### [Exercise goal]
Without the images, print every line of the material below exactly as given.

START Dataset content

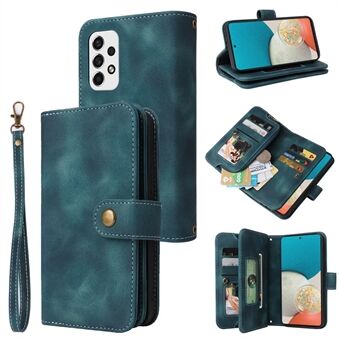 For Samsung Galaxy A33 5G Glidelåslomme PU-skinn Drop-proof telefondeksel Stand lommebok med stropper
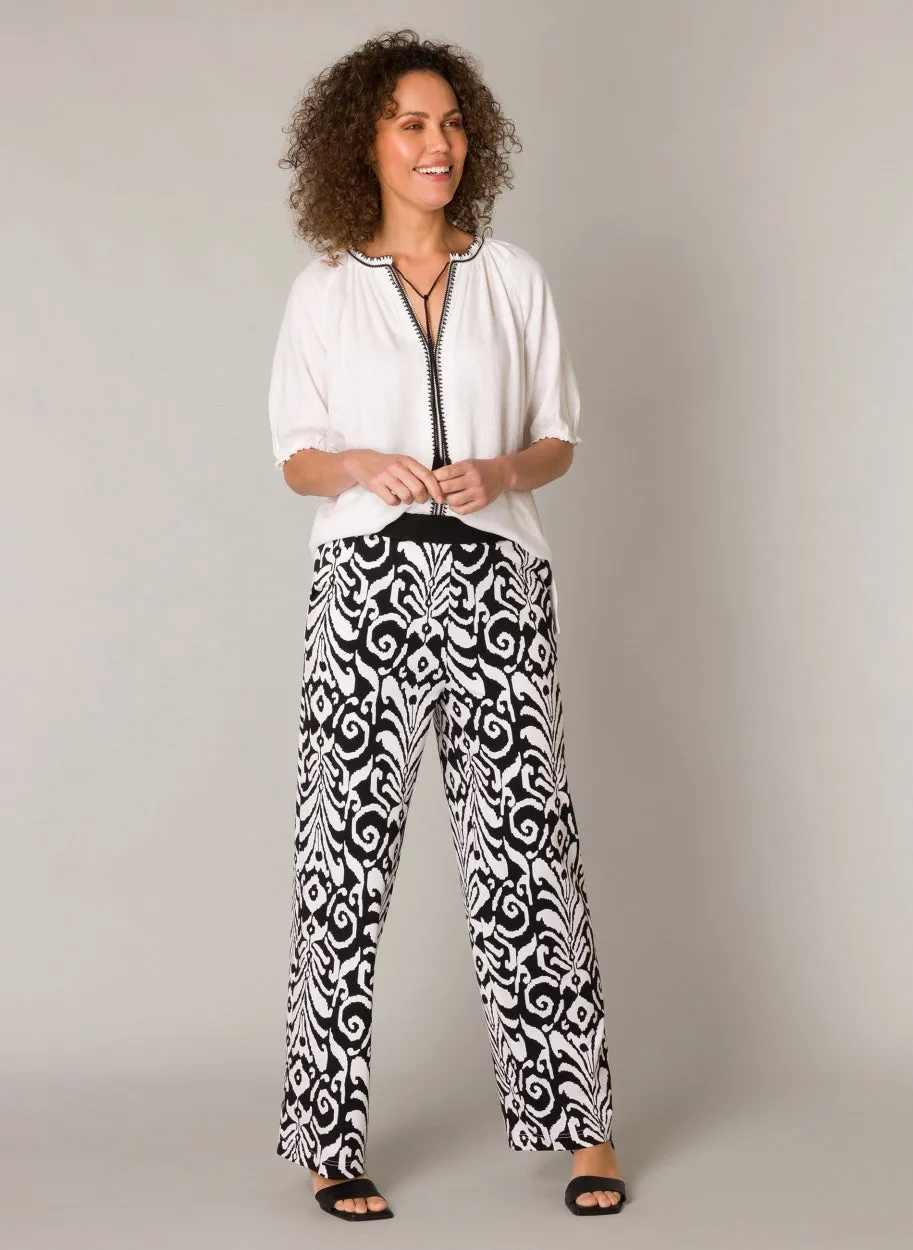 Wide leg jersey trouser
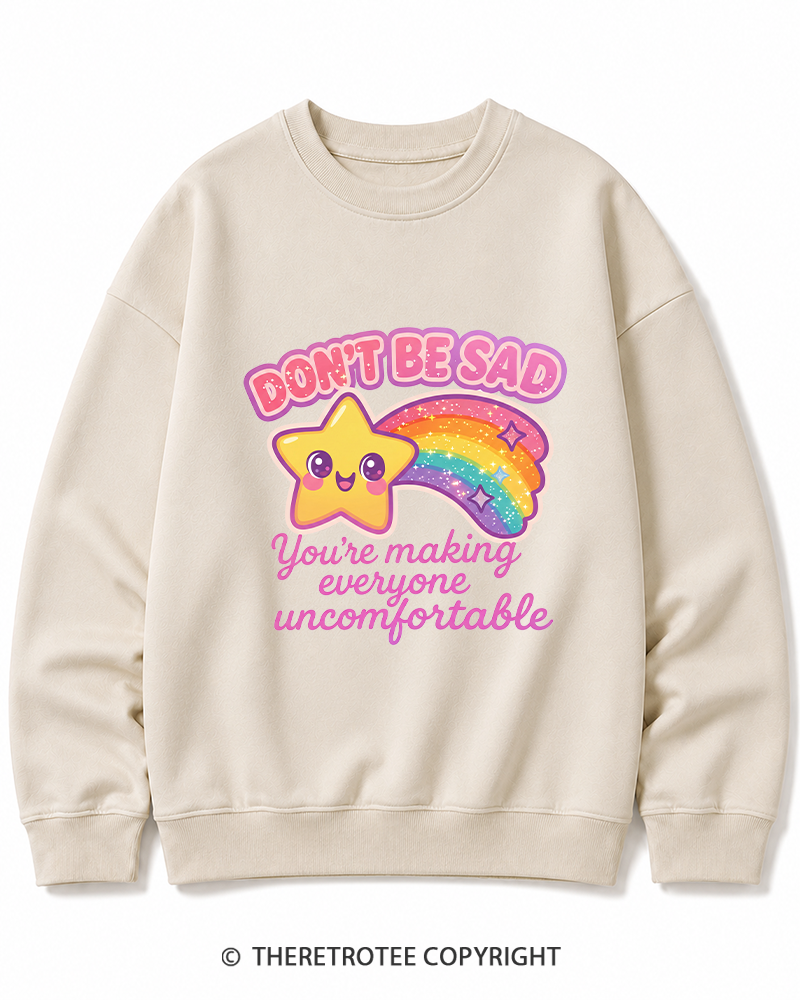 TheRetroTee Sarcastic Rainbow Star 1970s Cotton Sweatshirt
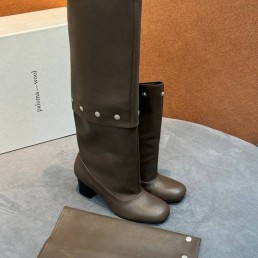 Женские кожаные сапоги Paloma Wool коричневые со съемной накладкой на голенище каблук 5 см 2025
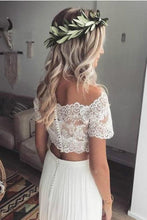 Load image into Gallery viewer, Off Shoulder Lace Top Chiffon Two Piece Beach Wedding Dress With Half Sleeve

END Dataset content

### [Task response]
 For Samsung Galaxy A33 5G Glidelåslomme PU-skinn Drop-proof telefondeksel Stand lommebok med stropper
 Wide leg jersey trouser
 TheRetroTee Sarcastic Rainbow Star 1970s Cotton Sweatshirt
 Женские кожаные сапоги Paloma Wool коричневые со съемной накладкой на голенище каблук 5 см 2025
 Load image into Gallery viewer, Off Shoulder Lace Top Chiffon Two Piece Beach Wedding Dress With Half Sleeve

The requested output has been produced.